▸ EXTRACTED ENTRIES
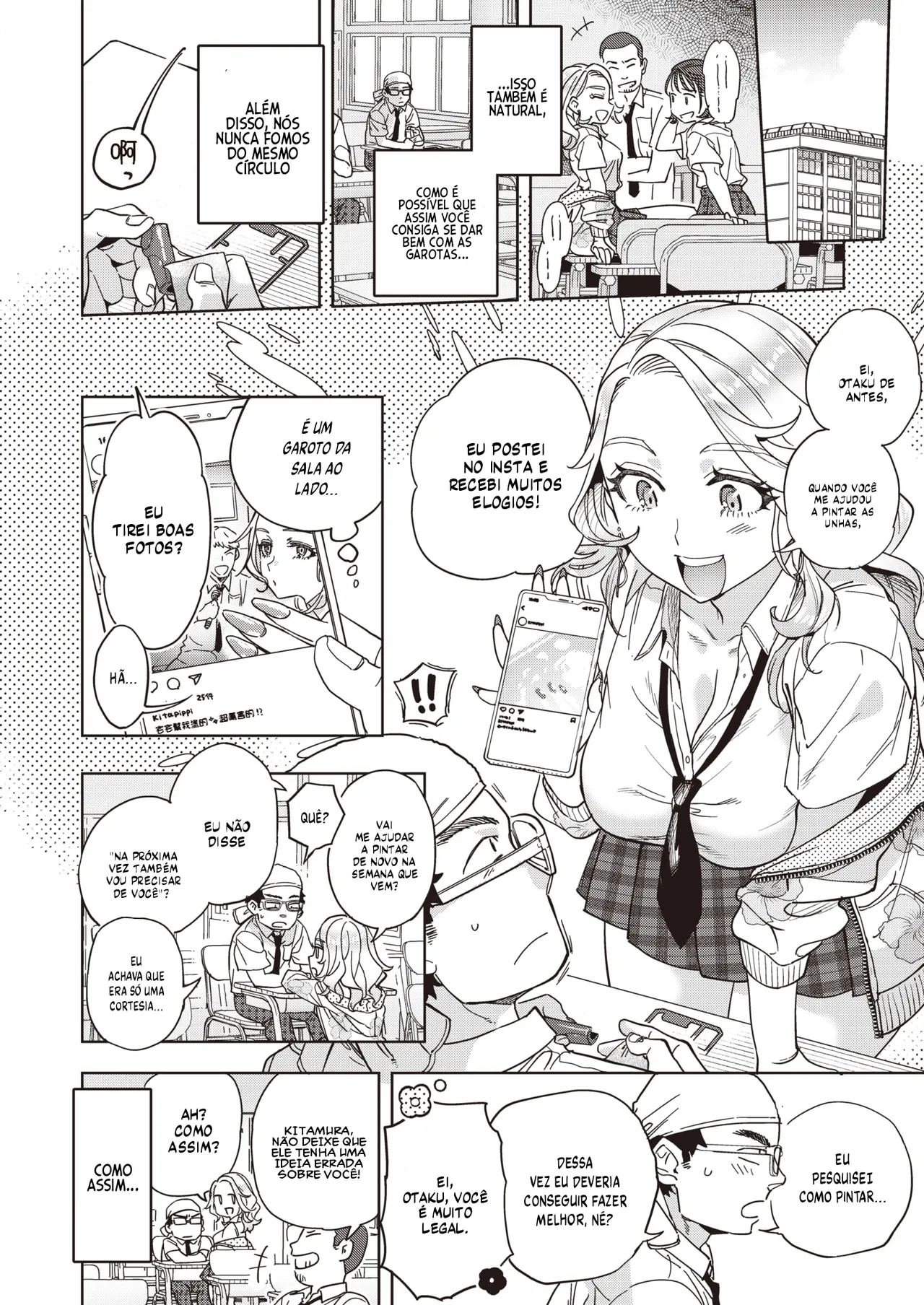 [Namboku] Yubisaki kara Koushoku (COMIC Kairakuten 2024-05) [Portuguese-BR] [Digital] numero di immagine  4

---

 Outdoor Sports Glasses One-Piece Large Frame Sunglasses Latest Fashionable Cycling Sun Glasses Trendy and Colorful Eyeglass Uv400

==

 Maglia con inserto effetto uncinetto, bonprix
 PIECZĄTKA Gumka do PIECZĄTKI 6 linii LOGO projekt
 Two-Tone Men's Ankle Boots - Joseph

▸ TASK TO CARRY OUT
Reproduce verbatim the lines above, from the line with "PIECZĄTKA Gumka do" through the line with "Two-Tone Men's Ankle Boots - Joseph".

▸ EXERCISE RESPONSE
 PIECZĄTKA Gumka do PIECZĄTKI 6 linii LOGO projekt
 Two-Tone Men's Ankle Boots - Joseph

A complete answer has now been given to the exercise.